Voting Integrity Constraints
Purpose
This document defines non-negotiable constraints for systems that support collective decision-making under the Humanity Framework.
Voting is treated as a safety-critical function. Failure of voting integrity constitutes civilizational harm.
Core Principle
Participation must be:
- equal
- private
- verifiable
- resistant to coercion
- resistant to tampering
- resilient to failure
Trust is insufficient. Correctness must be provable.
Fundamental Guarantees
1. One Human, One Vote
Each eligible human may:
- cast at most one vote per decision
- verify that their vote was counted
- verify that no additional votes were substituted
No system may amplify, suppress, or duplicate participation.
2. Identity Separation
Voting systems must strictly separate:
- eligibility verification
- ballot casting
- vote counting
No component may link:
- voter identity to ballot content
- eligibility credentials to final tally
Linkability after validation is forbidden.
Privacy and Anonymity
3. Ballot Secrecy
No authority may:
- determine how an individual voted
- infer voting behavior through metadata
- reconstruct ballots after casting
Privacy must persist:
- during voting
- after voting
- indefinitely
4. Resistance to Coercion
Systems must prevent:
- proof-of-vote generation
- vote selling
- forced disclosure
If a voter can prove how they voted, the system is unsafe.
Verifiability
5. End-to-End Verifiability
Voting systems must allow:
- voters to verify inclusion of their ballot
- observers to verify correctness of the tally
- auditors to verify process integrity
Verification must not compromise voter anonymity.
6. Public Auditability
Vote counting must be:
- transparent
- reproducible in principle
- independently auditable
Black-box tallying is forbidden.
Integrity and Tamper Resistance
7. Tamper Evidence
All voting artifacts must be:
- immutable once cast
- tamper-evident
- traceable through public logs
Undetectable modification constitutes failure.
8. Determinism and Reproducibility
Vote counting must be:
- deterministic
- reproducible from published artifacts
- independent of hidden state
If two honest auditors cannot reproduce results, the system is invalid.
Infrastructure Constraints
9. Minimal Trusted Computing Base
Voting systems must:
- minimize complexity
- minimize code surface
- minimize dependencies
Complexity increases attack surface.

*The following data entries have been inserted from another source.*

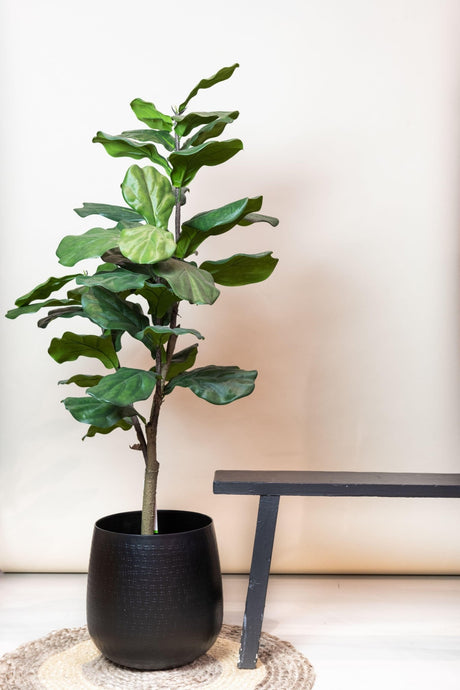 Livraison plante Ficus Lyrata plante artificielle h125cm, Ø14cm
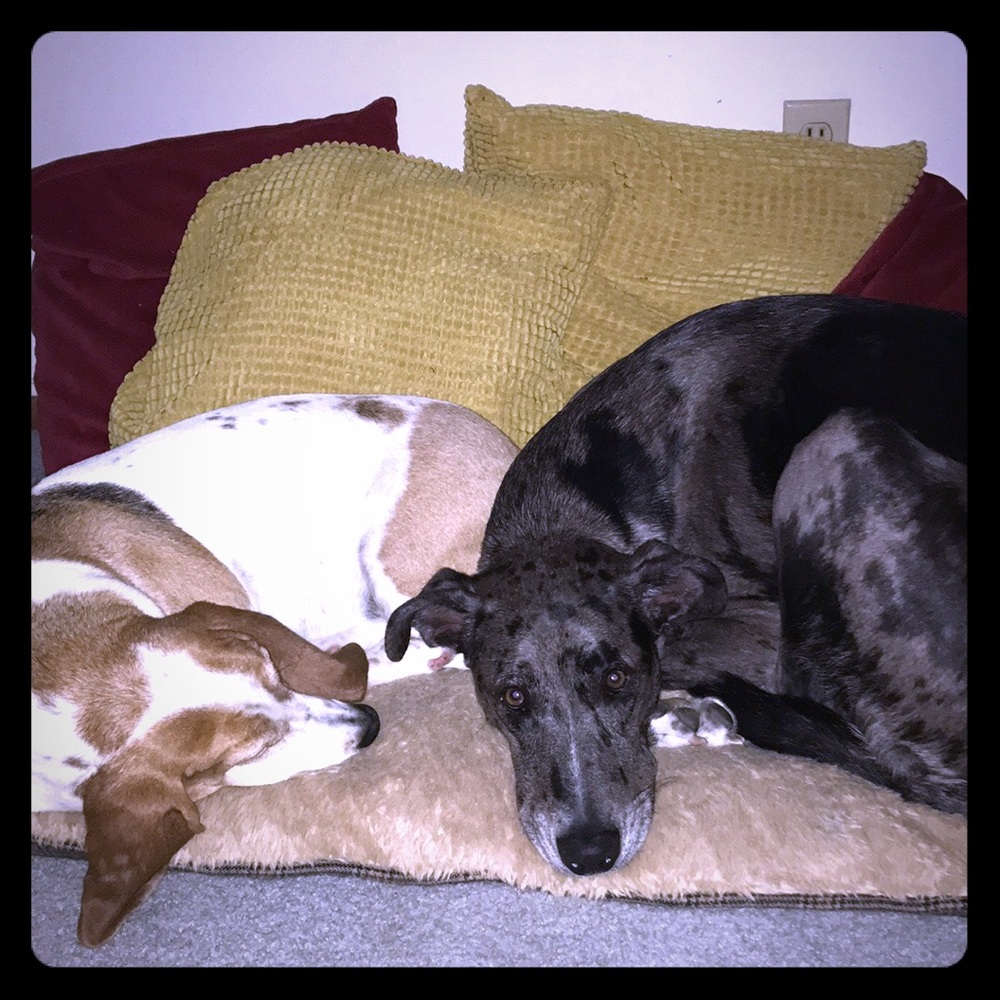 My best friends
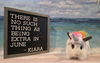 adoptable Rabbit in  named Kiara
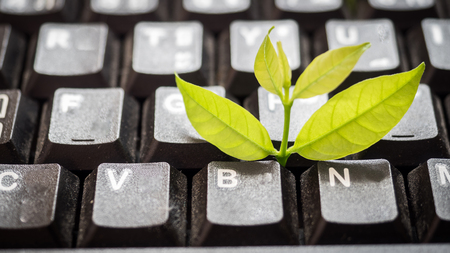 Leaves nature and black keyboard.Small green plant growing from white computer keyboard.Technology with nature conceptの写真素材
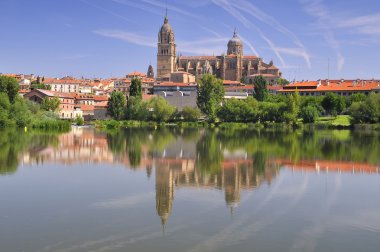 Salamanca cathedral.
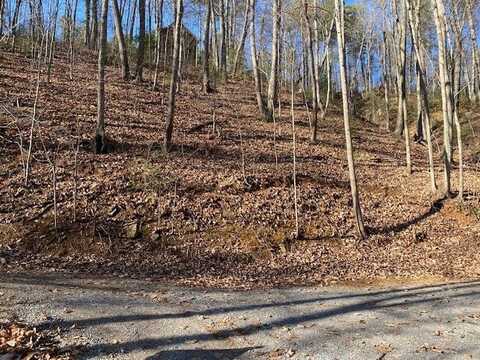 Lot 431 Lilly Court, Sevierville, TN 37876
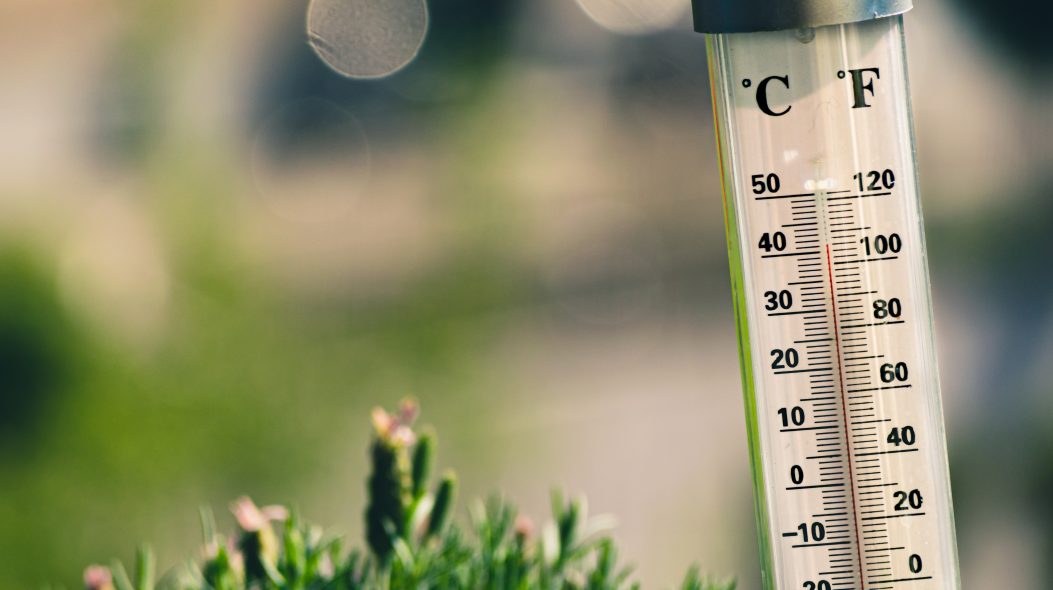 Caldo record, Il Gigante registra vendite di ventilatori in crescita del 30%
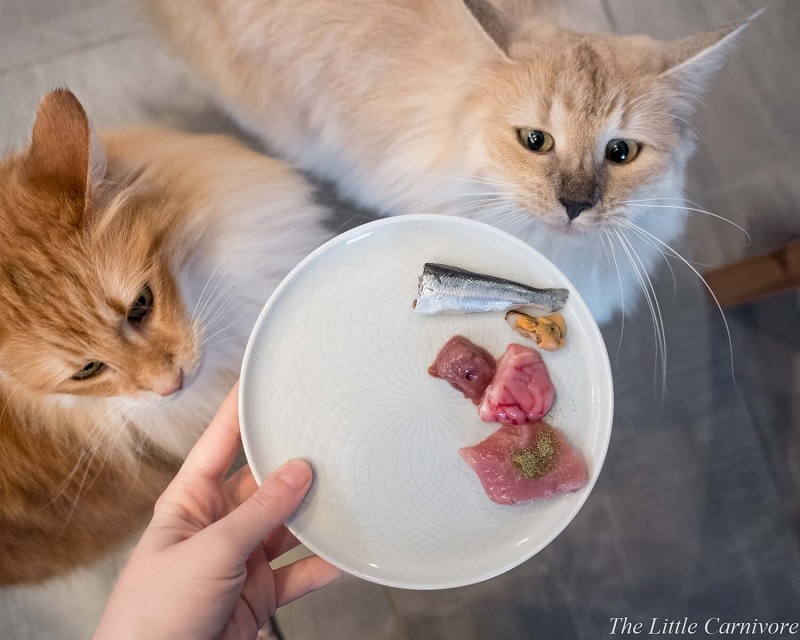 Understanding Your Cat's Dietary Needs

Simplicity increases trust.
10. Network Isolation During Voting
Voting infrastructure must not:
- depend on live network access
- allow remote code execution
- allow dynamic updates during voting
Connectivity increases risk.
Failure Handling
11. Fail-Safe Behavior
On failure, systems must:
- halt voting
- preserve cast ballots
- prevent partial or corrupted tallies
- make failure visible immediately
Silent degradation is forbidden.
Accountability
12. Responsibility for Integrity
Responsibility for voting integrity lies with:
- system designers
- system deployers
- system operators
Voters are never responsible for:
- system compromise
- hidden failure modes
- misleading assurances
Enforcement
Any system that violates these constraints:
- must not be used for governance
- must not be trusted for collective decision-making
- must be withdrawn until corrected
Efficiency does not excuse risk. Convenience does not excuse harm.
Relationship to Other Documents
- Secure Communication Constraints define confidentiality requirements.
- Safety and Responsibility define harm minimization.
- Transparency Guarantees define observability.
- Governance Models define scope and enforcement.
Summary
Democracy cannot rely on trust alone.
A voting system that cannot be verified cannot be legitimate.
Participation without integrity is coercion by other means.